What is needed is an exact copy of the lines in the entries below from the one holding "old-soccer-ball-in-space-on-Earth-orbit" through the one holding "A Lyre's Agave", pictures excluded.

**Data in this exercise**
+++

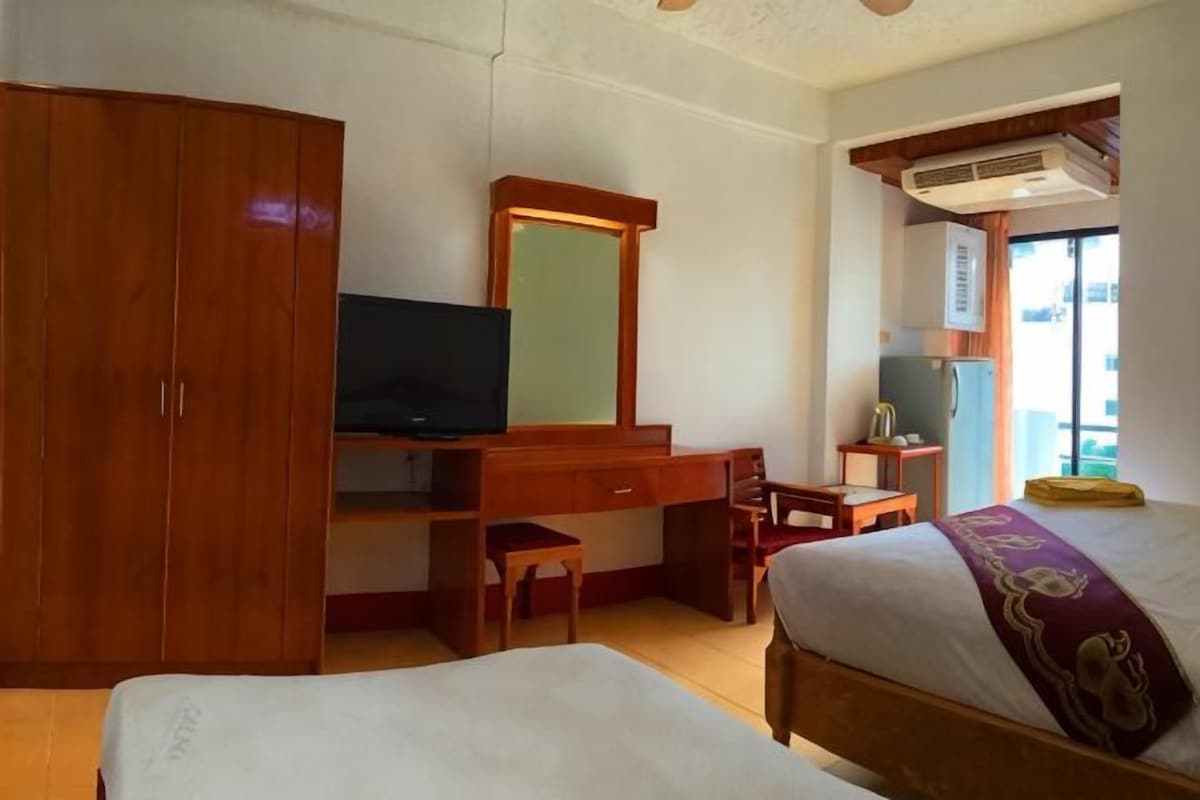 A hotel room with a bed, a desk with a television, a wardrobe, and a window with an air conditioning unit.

+++

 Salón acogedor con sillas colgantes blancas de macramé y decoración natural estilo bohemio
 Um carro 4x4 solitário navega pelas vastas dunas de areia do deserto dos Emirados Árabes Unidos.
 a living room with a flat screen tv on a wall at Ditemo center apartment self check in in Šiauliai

+++

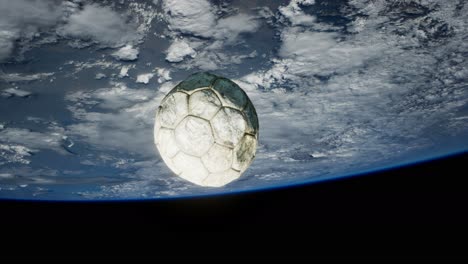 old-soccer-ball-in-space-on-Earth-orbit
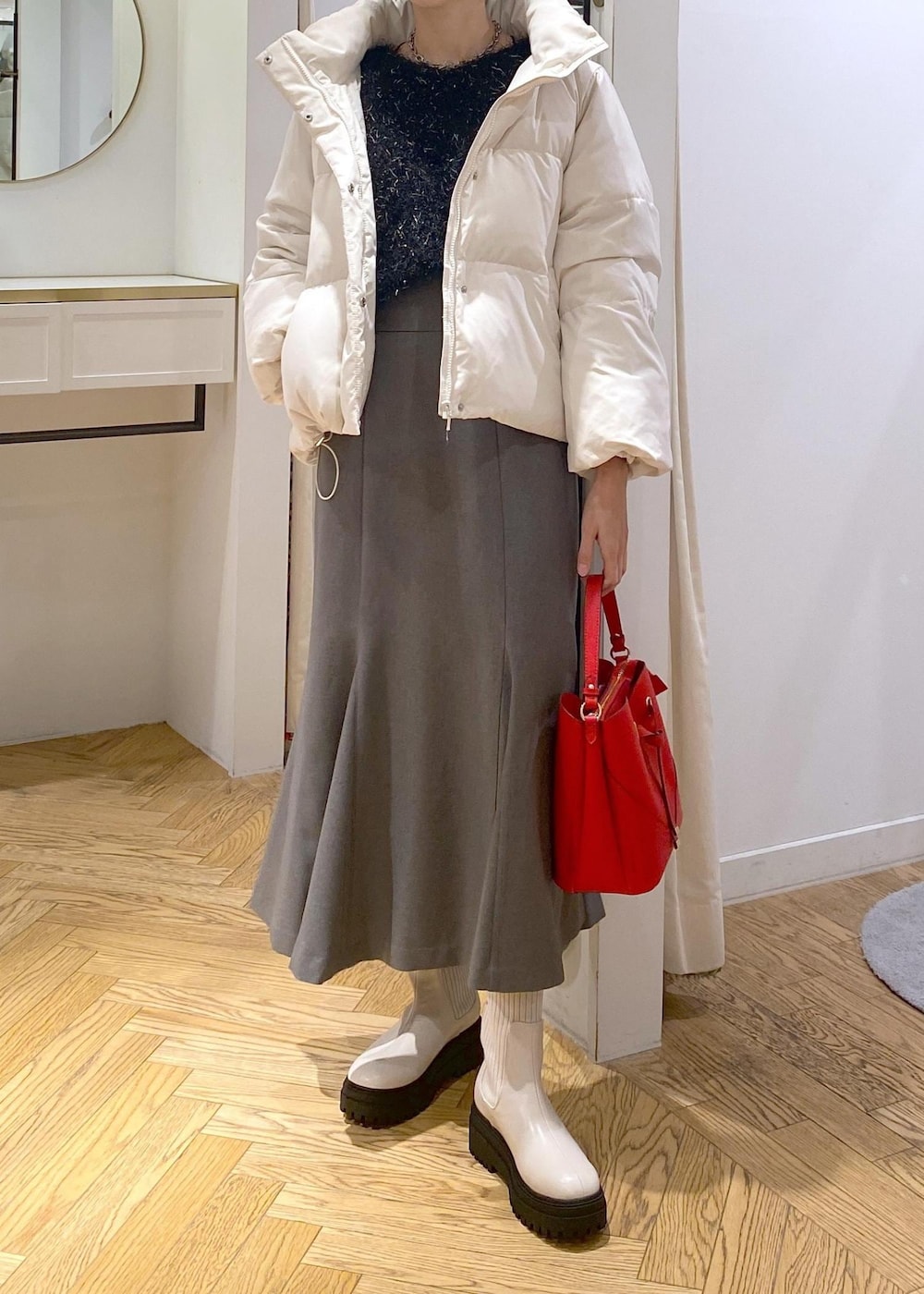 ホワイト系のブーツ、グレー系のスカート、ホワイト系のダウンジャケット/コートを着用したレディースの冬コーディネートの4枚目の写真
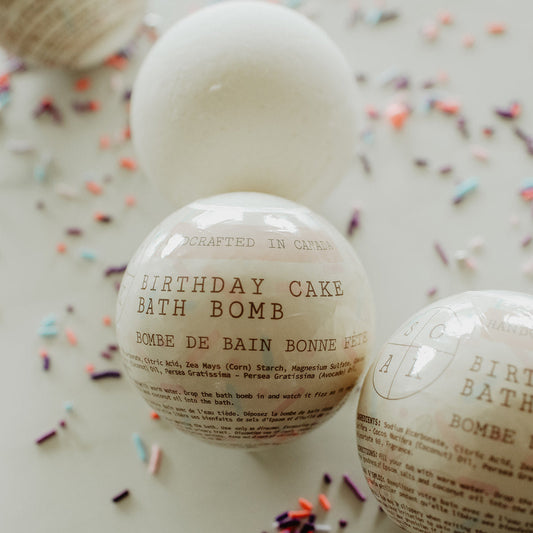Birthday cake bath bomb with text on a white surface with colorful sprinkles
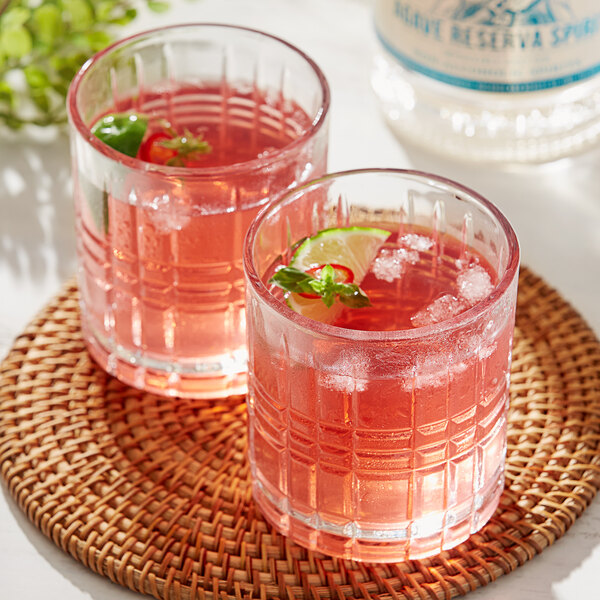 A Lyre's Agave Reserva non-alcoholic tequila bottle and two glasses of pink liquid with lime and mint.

+++

**Response area**
 old-soccer-ball-in-space-on-Earth-orbit
 ホワイト系のブーツ、グレー系のスカート、ホワイト系のダウンジャケット/コートを着用したレディースの冬コーディネートの4枚目の写真
Birthday cake bath bomb with text on a white surface with colorful sprinkles
 A Lyre's Agave Reserva non-alcoholic tequila bottle and two glasses of pink liquid with lime and mint.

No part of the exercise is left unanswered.